Terms have yet to be announced, but it is likely that Kim will go for a considerably lower cost than what the likes of Cole, Strasburg, Madison Bumgarner, and Zack Wheeler have already garnered. FanGraphs, a source I trust far more than my own minimal knowledge of the situation, listed Kim as the 41st best free agent this off-season, sandwiched between Gio Gonzalez and Jordan Lyles as far as pitchers go. The lefty is perceived as a potential swingman who can pitch in the rotation or in relief, and while I’m not as excited about him as I would’ve been about Gerrit Cole, who could credibly be argued to be the world’s best pitcher, I’m admittedly more excited about him than I would be about the lesser-tier free agents from American baseball that will command comparable salaries.

My first instinct is to sign off on the move; after all, the last two times the Cardinals dipped into the East Asian pitching market, they got relative bargains in Seung-hwan Oh and Miles Mikolas. But I don’t want to call it a complete win right away. The Cardinals still have to justify the bargain.

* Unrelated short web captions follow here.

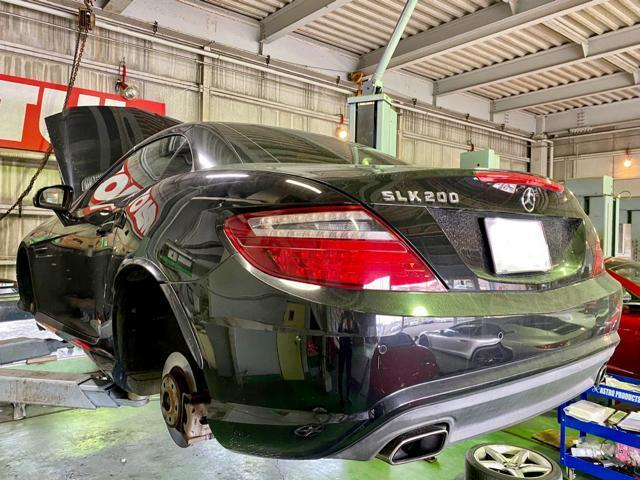 Mercedes-Benz SLK200 AMGスポーツPK ベンツ 車検 整備 修理。社外スタビーライザーリンクロッド交換作業。茨城県八千代町のM様 ご依頼ありがとうござます。     栃木県 小山市 (株)Kレボリューション
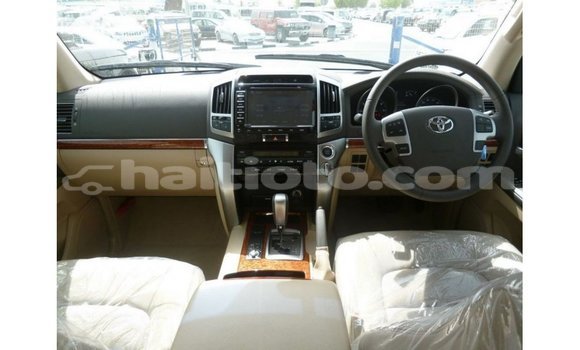 Acheter Import Voiture Toyota Land Cruiser Noir à Import - Dubai, Artibonite Acheter Import Voiture Toyota Land Cruiser Noir à Import - Dubai, Artibonite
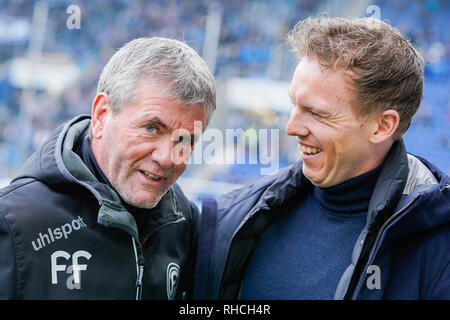 Sinsheim, Deutschland. 02 Feb, 2019. Fussball: Bundesliga 1899 Hoffenheim - Fortuna Düsseldorf, den 20. Spieltag in der PreZero Arena. Düsseldorf Trainer Friedhelm Funkel (l) und Hoffenheim Trainer Julian Nagelsmann sprechen. Foto: Uwe Anspach/dpa - WICHTIGER HINWEIS: In Übereinstimmung mit den Anforderungen der DFL Deutsche Fußball Liga oder der DFB Deutscher Fußball-Bund ist es untersagt, zu verwenden oder verwendet Fotos im Stadion und/oder das Spiel in Form von Bildern und/oder Videos - wie Foto Sequenzen getroffen haben./dpa/Alamy leben Nachrichten Stockfoto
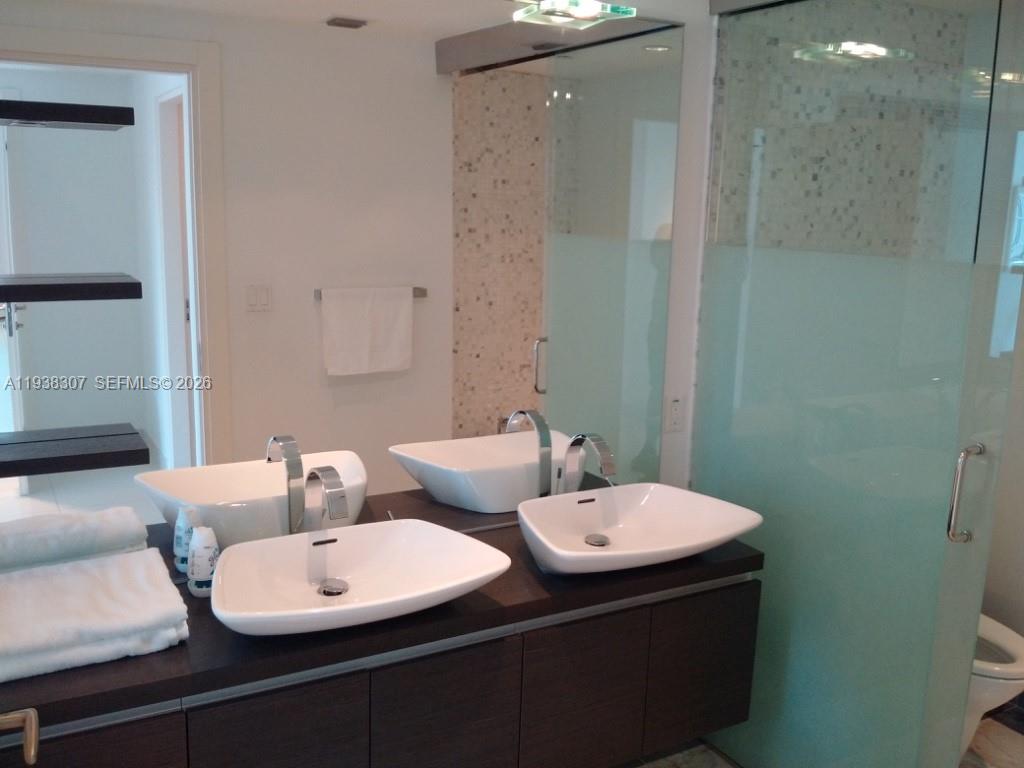 image Epic West Condo6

The Cardinals will surely still, once terms are announced, be entering 2020 with a lower payroll than 2019. Kim is a fine replacement for Michael Wacha, a starting pitcher that the Cardinals very clearly had no interest in retaining. Baseball fans, not only but certainly not exempting Cardinals fans, have a tendency to dismiss moves smaller than their team signing Anthony Rendon, but those moves matter too. These moves matter. But this is still a team that had offensive struggles throughout 2019 that is losing one of its most effective hitters in Marcell Ozuna, to this point to be replaced with nothing.

I have mixed feelings on hypothetically re-signing Marcell Ozuna, but that isn’t because I don’t think Marcell Ozuna is better than the guy who will be replacing him—it is because I think there are probably better ways to spend the money that the Cardinals would be spending on his salary. But to this point, the Cardinals haven’t reallocated that money. And truthfully, I’m not sure who to blame for that. Yelling at John Mozeliak, an easy target for the extremely scientific reason of “he looks like a giant nerd”, is the fashionable route, but usually, this falls on the owner. But regardless, the Cardinals haven’t done enough for 2020 for me to feel comfortable in this team to repeat as NL Central champs, much less credibly contend for the World Series.